Saturday, January 7, 2006

waiting for boaz, wishing for naomi

Being single is different for guys in so many ways. I've been trying to think what encouragement men receive from Scripture if they're ever as frustrated and lonely in their singleness as we women tend to be. Do people ever hound them, tease them, even cast them questionable sideways glances as they notice a bare ring finger on the left hand?

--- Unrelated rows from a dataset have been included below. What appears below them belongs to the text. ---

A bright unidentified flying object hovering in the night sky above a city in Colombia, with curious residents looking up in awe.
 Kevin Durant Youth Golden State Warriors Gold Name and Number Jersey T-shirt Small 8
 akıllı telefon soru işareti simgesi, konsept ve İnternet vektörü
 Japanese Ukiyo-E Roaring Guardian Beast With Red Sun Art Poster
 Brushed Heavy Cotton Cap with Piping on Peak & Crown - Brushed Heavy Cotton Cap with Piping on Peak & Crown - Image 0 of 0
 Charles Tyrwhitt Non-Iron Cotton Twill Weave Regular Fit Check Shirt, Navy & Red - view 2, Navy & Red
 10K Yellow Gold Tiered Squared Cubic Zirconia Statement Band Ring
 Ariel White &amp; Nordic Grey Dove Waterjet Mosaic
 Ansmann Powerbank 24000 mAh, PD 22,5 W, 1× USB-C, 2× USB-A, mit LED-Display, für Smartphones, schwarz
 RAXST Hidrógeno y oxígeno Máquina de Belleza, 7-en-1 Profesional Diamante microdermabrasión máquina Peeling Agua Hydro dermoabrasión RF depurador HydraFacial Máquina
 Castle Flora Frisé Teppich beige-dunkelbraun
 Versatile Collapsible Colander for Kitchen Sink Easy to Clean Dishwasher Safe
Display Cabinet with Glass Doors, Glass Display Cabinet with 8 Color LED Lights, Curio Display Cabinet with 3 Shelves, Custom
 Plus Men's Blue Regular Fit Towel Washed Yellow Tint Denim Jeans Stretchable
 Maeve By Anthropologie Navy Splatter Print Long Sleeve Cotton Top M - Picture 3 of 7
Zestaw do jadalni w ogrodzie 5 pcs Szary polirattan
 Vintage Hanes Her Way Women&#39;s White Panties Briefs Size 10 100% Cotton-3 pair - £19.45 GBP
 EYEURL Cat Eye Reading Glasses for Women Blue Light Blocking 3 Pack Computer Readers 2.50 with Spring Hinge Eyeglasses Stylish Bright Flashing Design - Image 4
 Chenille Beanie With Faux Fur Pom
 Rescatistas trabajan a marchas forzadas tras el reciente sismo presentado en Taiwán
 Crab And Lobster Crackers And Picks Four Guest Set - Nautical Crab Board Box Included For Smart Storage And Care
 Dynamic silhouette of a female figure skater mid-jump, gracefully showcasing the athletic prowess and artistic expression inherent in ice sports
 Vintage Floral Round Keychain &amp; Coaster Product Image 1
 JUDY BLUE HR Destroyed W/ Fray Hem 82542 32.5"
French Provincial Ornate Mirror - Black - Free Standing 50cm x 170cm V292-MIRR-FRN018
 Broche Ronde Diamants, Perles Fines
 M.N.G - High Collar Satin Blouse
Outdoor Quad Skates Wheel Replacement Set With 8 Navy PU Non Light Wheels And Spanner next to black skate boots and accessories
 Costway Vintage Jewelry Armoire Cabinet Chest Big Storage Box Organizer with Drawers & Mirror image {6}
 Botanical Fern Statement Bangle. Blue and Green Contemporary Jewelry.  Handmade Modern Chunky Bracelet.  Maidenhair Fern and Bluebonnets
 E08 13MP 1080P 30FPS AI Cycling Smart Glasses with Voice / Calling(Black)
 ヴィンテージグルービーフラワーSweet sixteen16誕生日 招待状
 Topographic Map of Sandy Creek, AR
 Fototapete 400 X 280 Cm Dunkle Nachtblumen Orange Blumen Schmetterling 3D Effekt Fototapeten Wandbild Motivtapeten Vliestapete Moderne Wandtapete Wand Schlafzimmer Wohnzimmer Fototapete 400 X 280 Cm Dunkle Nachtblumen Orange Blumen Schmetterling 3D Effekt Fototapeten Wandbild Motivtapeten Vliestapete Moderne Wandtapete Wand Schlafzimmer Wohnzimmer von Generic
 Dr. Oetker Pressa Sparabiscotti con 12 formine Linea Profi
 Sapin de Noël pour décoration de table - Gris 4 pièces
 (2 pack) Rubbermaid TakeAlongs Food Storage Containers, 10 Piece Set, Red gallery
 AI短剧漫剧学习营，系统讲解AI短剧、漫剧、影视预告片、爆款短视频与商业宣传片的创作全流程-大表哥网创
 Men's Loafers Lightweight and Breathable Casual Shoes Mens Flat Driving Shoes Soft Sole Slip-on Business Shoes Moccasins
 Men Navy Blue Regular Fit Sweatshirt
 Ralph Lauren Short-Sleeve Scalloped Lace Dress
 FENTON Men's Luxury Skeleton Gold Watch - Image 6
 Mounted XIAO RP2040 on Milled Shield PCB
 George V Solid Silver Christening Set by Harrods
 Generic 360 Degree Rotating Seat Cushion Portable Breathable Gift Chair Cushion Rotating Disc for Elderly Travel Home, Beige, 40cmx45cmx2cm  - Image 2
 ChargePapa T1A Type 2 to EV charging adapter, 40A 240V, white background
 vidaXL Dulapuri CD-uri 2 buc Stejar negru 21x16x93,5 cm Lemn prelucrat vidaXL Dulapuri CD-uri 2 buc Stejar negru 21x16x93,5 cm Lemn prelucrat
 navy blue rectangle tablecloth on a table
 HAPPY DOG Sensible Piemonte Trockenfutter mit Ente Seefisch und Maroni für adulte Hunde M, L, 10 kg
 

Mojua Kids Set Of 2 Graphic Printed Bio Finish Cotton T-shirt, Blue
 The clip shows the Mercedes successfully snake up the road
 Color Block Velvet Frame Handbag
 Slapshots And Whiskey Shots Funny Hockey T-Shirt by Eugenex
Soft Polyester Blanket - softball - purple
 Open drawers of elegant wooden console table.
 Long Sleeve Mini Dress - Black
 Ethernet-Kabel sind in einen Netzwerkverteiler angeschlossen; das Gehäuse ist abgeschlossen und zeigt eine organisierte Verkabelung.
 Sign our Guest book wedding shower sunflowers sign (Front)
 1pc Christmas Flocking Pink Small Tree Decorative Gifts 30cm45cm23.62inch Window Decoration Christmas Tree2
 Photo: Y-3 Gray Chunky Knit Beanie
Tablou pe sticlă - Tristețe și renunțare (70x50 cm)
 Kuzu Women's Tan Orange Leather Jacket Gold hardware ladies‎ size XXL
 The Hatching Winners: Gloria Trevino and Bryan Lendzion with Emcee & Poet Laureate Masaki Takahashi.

For my part as a single woman, those who try to encourage me always seem to talk about Boaz. They say things like, "One day your Boaz will come," or "It's okay that things didn't work out with Mr. So-and-So because he was no Boaz," or "The man God created just for you will love and care for you just like Boaz." This is all well and good, but the story of Boaz and Ruth tells us nothing about what Boaz was going through. Perhaps he was lonely and looking for a wife. Perhaps he was completely satisfied in his own little world and then blindsides by the request to be Ruth's "kinsman-redeemer." We don't know. He's actually not the hero of the story. And guess what? Neither is Ruth (even though the book is named after her).

That's right -- the hero of the story is Naomi. She's the catalyst for all of the action: she makes the move from Moab back to Bethlehem; she lets Ruth head out to work in the fields; she sends Ruth to the threshing floor for her midnight rendezvous with Boaz. And once it all pays off, after Ruth and Boaz are married and she bears him a son, all of the townspeople gather and sing praises to Naomi! She's the puppet master, the mover and shaker that makes it all happen.

Now, while I'm definitely waiting for my Boaz, at times I find myself wishing for Naomi -- someone to come along who sees the slightly bigger picture, who knows exactly whose threshing floor to send me to and what spices I should wear to please and entice him, and who knows exactly how happily and confidently he will react. If only I had a Naomi to do all the thinking for me! I could simply obey and be blissfully happy as a result. But I have no such hero -- I am simply Ruth, a stranger in a strange land struggling to get by, trusting God for my (sometimes literal) daily bread. What if I make the wrong choice? I could get all dolled up and head to the threshing floor, but what if no one's there waiting for me? Or worse, what if he's already there... with someone else?

My consolation is found in Ruth 2:5, when Boaz notices Ruth and asks about her. Here Naomi is nowhere to be found. Boaz is acting all on his own. Perhaps the story would've reached the same happy conclusion without Naomi's helping hand, because Boaz was showing some personal initiative. Perhaps my Boaz will notice me and ask about me, and begin to get our story rolling -- perhaps he has already. But oh, how I wish for a Naomi to come along, point him out to me with certainty and instruct me on how to be ready for and pleasing to him! Or -- and this is jsut to very loosely paraphrase some apocryphal versions of the story -- to go straight to my Boaz, kick him in the keester and shout, "Get a move on, idiot!"